WORK INSTRUCTION: As an exercise in exact copying, transcribe the lines below from the one holding "South Shields Vacations" through the last, with both ends included and pictures left out.

Caption-style text data:
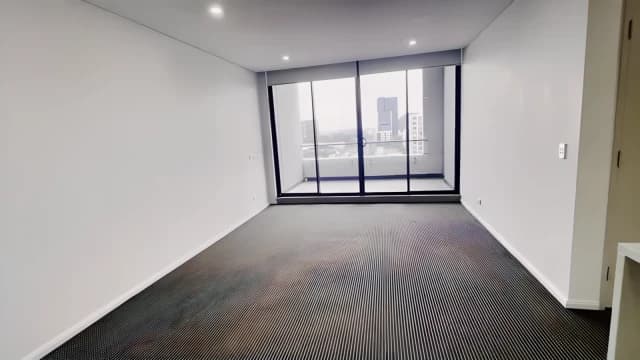 2 bed 2 bath*704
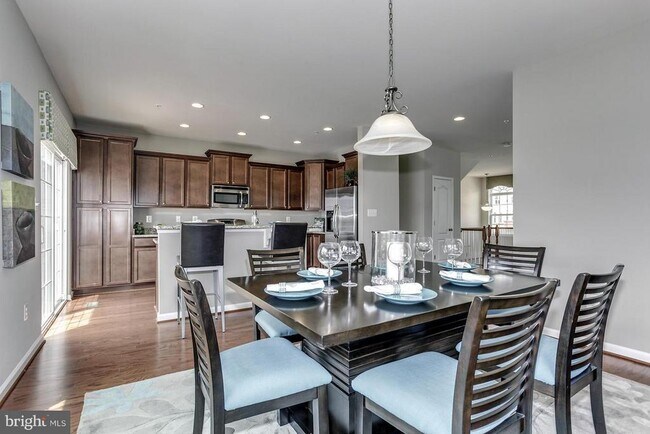 Building Photo - 8603 Crooked Tree Ln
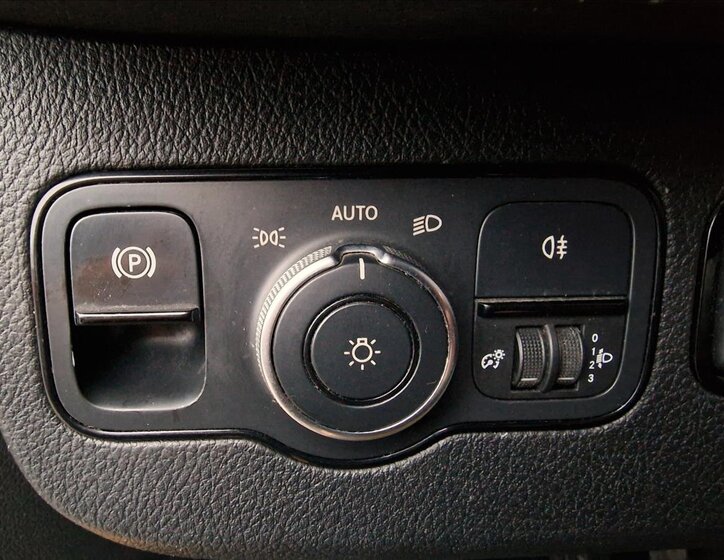 Mercedes-Benz Sprinter Skříň 2,1 l 105 kw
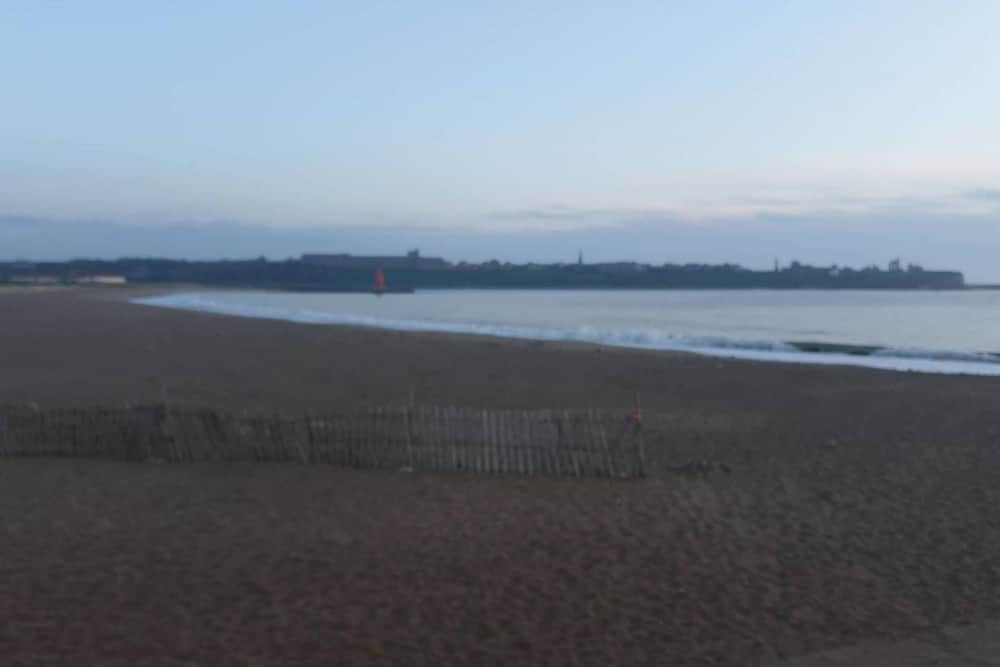 South Shields Vacations - South Shield's Emerald 2 Bed Apartment - Property Image 5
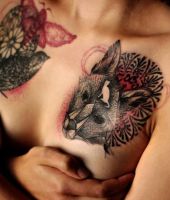 tatuaże na klatkę piersiową dla kobiety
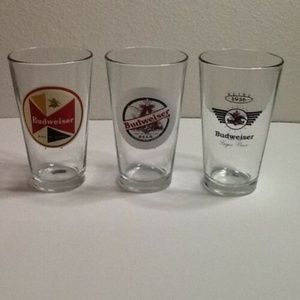 Budweiser King Of Beer Vintage Collector Glasses
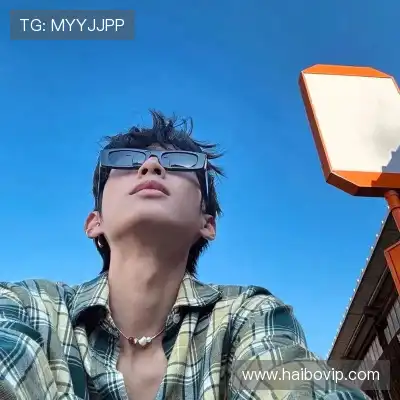 秦莉凌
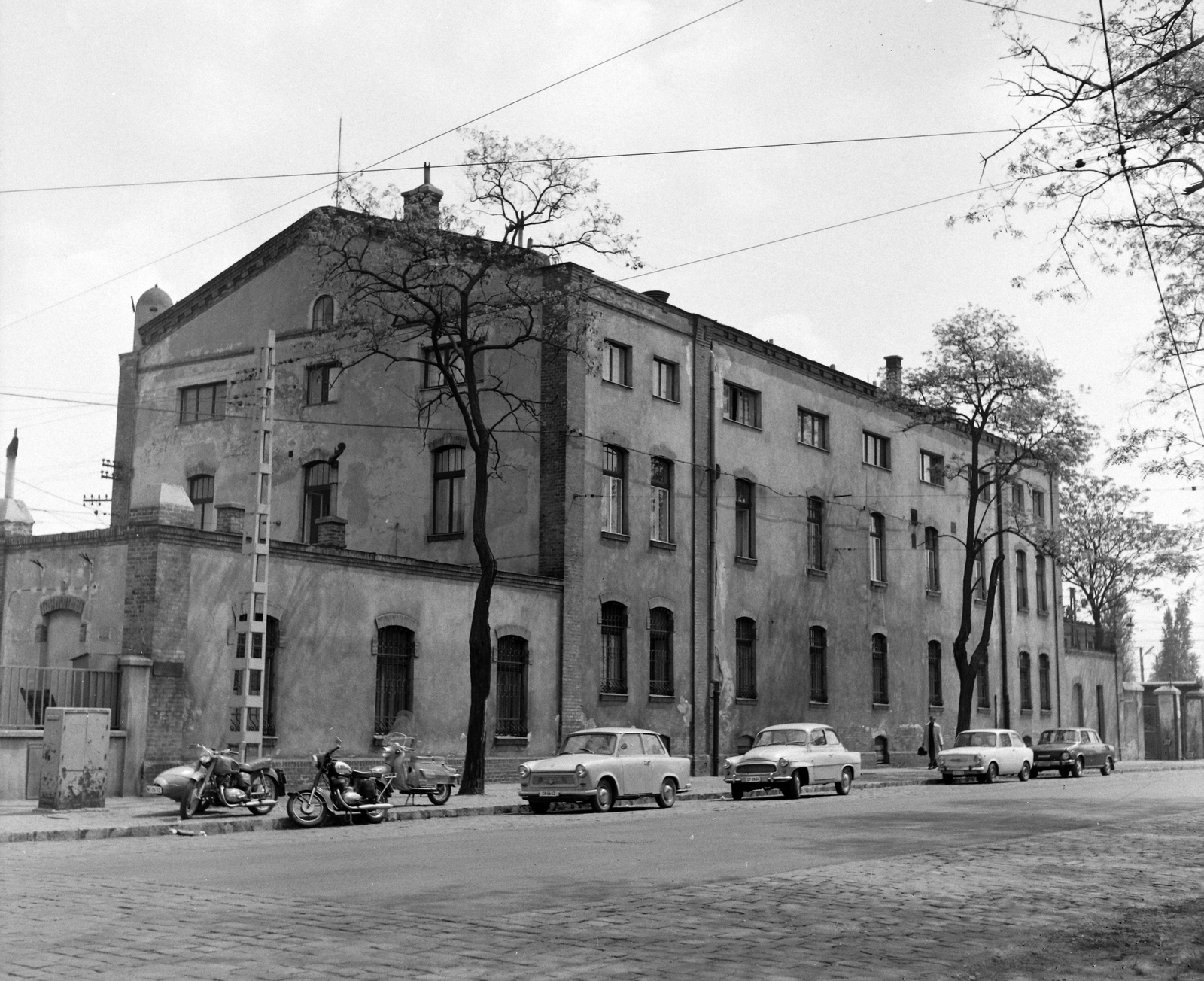 Magyarország, Budapest IX., Könyves Kálmán körút, Ferencváros kocsiszín., 1975, UVATERV, Fiat 850, Jawa Tatran 125, Budapest, remíz, Csepel Pannonia T5, Duna oldalkocsi, Skoda 100, Skoda Octavia, Trabant 601, Fortepan #98880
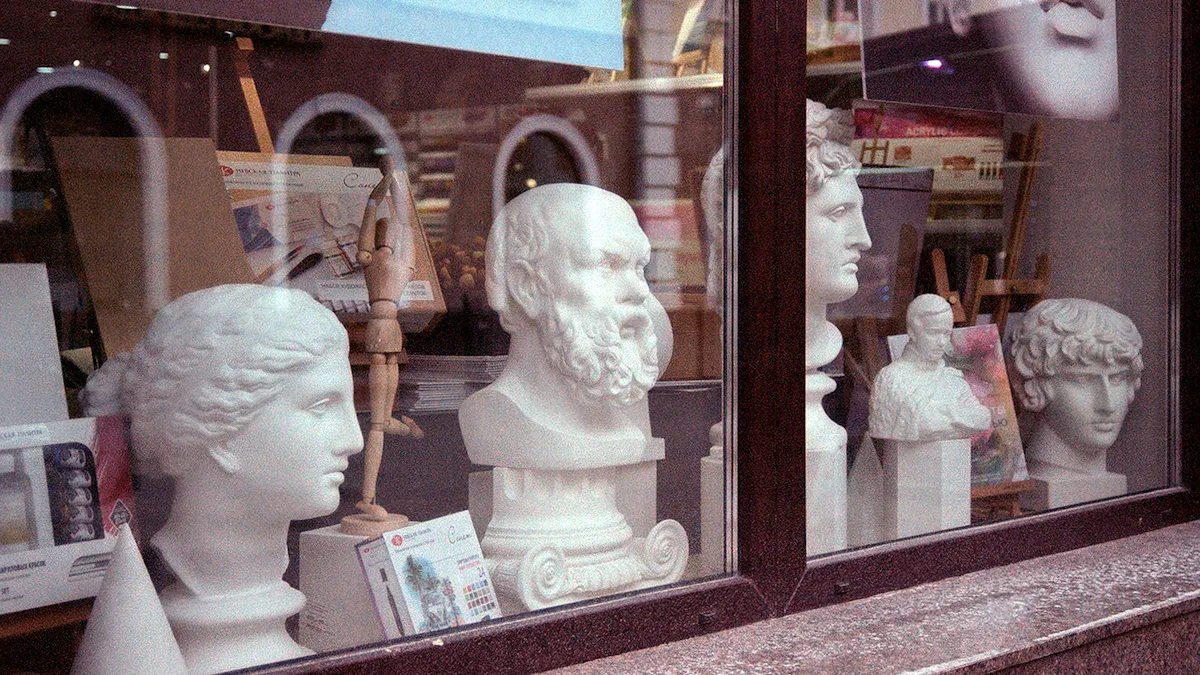 A custom acrylic display manufacturer for your store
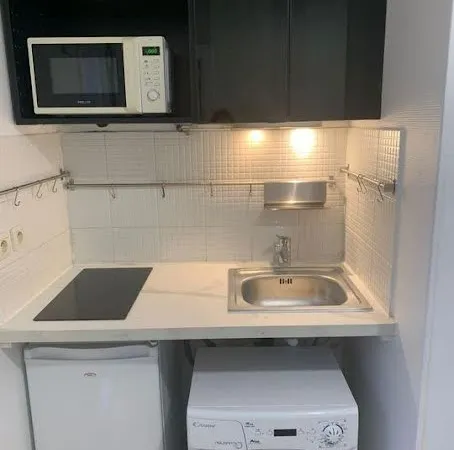 Studio 1 pièce 10 m²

THE COMPLETED TASK:
 South Shields Vacations - South Shield's Emerald 2 Bed Apartment - Property Image 5
 tatuaże na klatkę piersiową dla kobiety
 Budweiser King Of Beer Vintage Collector Glasses
 秦莉凌
 Magyarország, Budapest IX., Könyves Kálmán körút, Ferencváros kocsiszín., 1975, UVATERV, Fiat 850, Jawa Tatran 125, Budapest, remíz, Csepel Pannonia T5, Duna oldalkocsi, Skoda 100, Skoda Octavia, Trabant 601, Fortepan #98880
 A custom acrylic display manufacturer for your store
 Studio 1 pièce 10 m²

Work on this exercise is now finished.